O antigo canalizador reformado, que passa o tempo a fazer objetos em lata, a maioria como artesanato, ainda não falou com Paulo Raimundo depois de saber das notícias, mas Mário Narciso, como é conhecido, já pensou no sobrinho/afilhado: "vou oferecer-lhe uma lanterna de cavalariça para lhe alumiar o caminho do sucesso e convidá-lo para comermos um cozido de grão aqui no Centro de Convívio da aldeia".
Presidente da Junta de Freguesia de Mombeja entre 1983 e 1990, foi militante do PCP mas deixou a vida política e a militância. "Vi algumas coisas no partido com que não concordava e desliguei-me", conta, assegurando que, apesar das capacidades de Paulo Raimundo, nunca pensou que viesse a ser ele o escolhido para próximo secretário-geral do PCP, a ser eleito na conferência que decorre este fim de semana em Corroios, no Seixal. "Sempre pensei que fosse o João Ferreira", confessou.
Mombeja, como muitas das localidades do interior em particular do Alentejo, é vítima do despovoamento, mas Mário Narciso diz que tentou travar a situação. "Lutei sempre pela melhoria da vida na aldeia e fazer obra em prol da comunidade", diz, recordando que foi nos seus mandatos que foram edificadas a sede da junta e o cemitério. E acredita que Paulo Raimundo vai seguir os seus passos e "fazer tudo para melhorar a vida dos portugueses".
Família de "imigrantes" e gente de trabalho
O pai de Paulo Raimundo é originário de uma família numerosa, constituída por nove irmãos, 5 homens e 4 mulheres, uma das quais já falecida e originária de Entradas, no concelho de Castro Verde, onde José Raimundo Narciso, progenitor do novo líder do PCP, nasceu. "Naquela zona a agricultura era muito débil e os meus pais e dois irmãos, procuraram os barros de Beja que eram mais ricos.

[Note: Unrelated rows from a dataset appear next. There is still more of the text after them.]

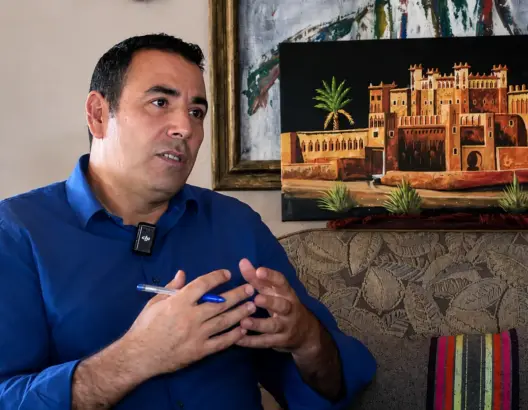 آيت سعيد: فنان “أسامر” لا يمكنه العيش من فنه.. ويبحث عن قوت يومه خارج الإبداع (فيديو)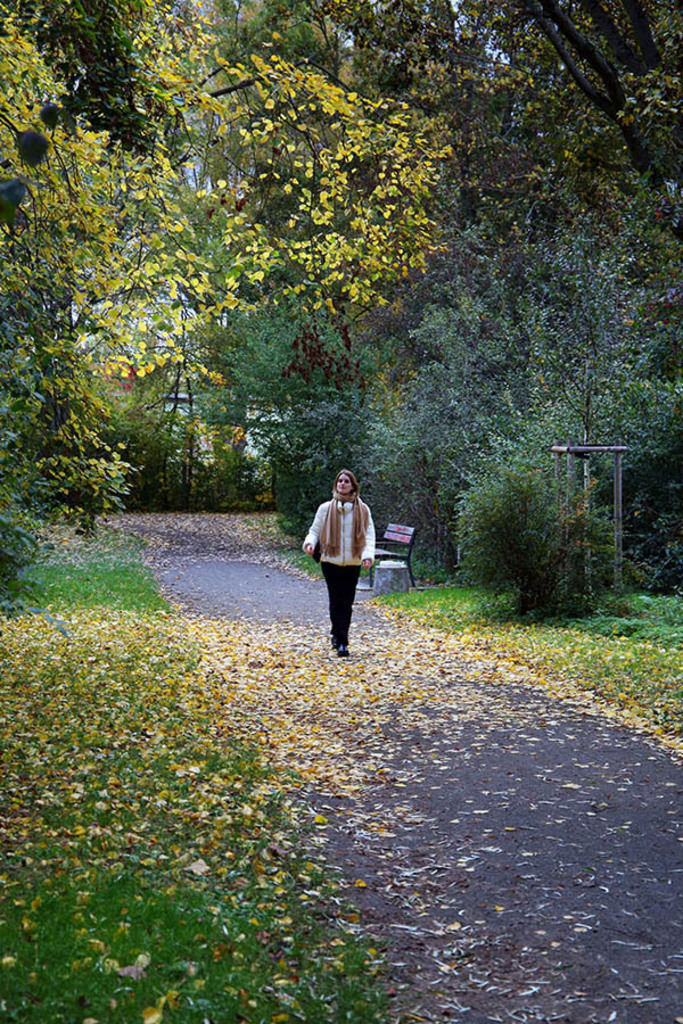 Foto: Leipzig - Etzoldsche Sandgrube - Park und Gedenkort | Das Team hinter BILDLEXIKON LEIPZIG bündelt historische wie aktuelle Informationen über die Stadt Leipzig in Text und Bild auf einer Plattform und stellt diese der interessierten Öffentlichkeit zur Verfügung.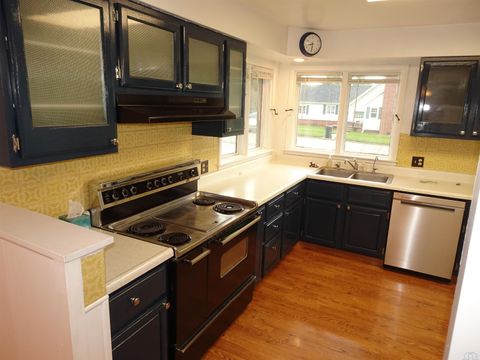 Tiny photo for 612 5th Street, Sheldon, IA 51201 (MLS # 829212)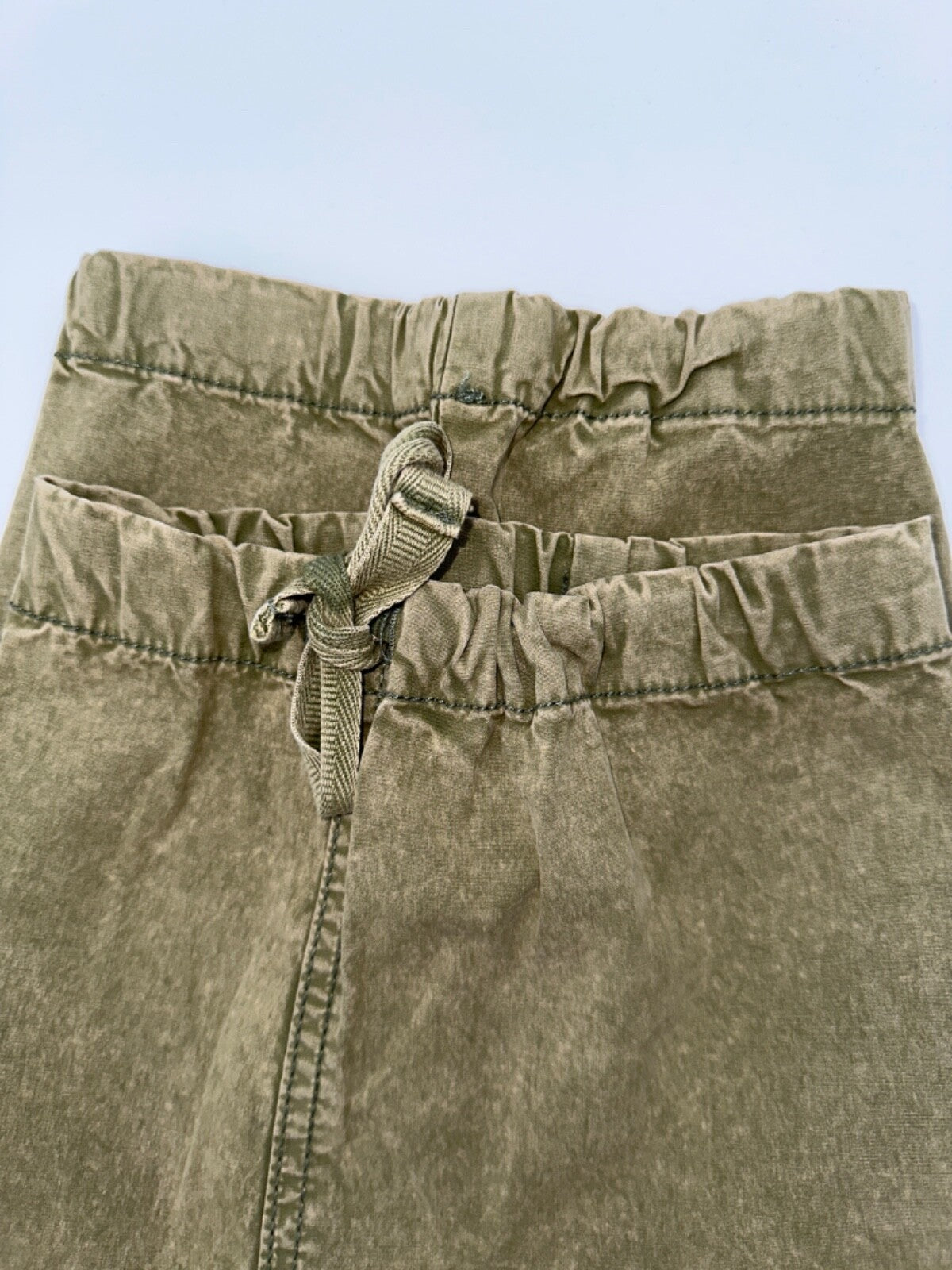 $40 SO Women's High Rise Pull On Pant - Drew Green - Medium - New With Tag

Foram obrigados a "imigrar" dentro do próprio Alentejo", lembra o tio de Paulo Raimundo.
A vida difícil levou José Raimundo a rumar para a zona de Cascais e morar no Bairro da Mina, em Sassoeiros, onde se estabeleceu como sapateiro. Depois conseguiu um emprego como roupeiro do Grupo Desportivo Estoril-Praia. "Morava com a minha cunhada Teresa numa casa do próprio campo, na altura em que o Paulo nasceu. Só depois foram viver para a área de Setúbal", recorda o tio.
Amante do cante alentejano e do fado, Mário Raimundo passa muito do seu tempo ligado às rádios locais onde, de quando em vez, lhe pedem para cantar. "Sou conhecido pelo Alfredo Marceneiro, muitos dos meus fados são escritos pela mãe do Paulo", diz satisfeito.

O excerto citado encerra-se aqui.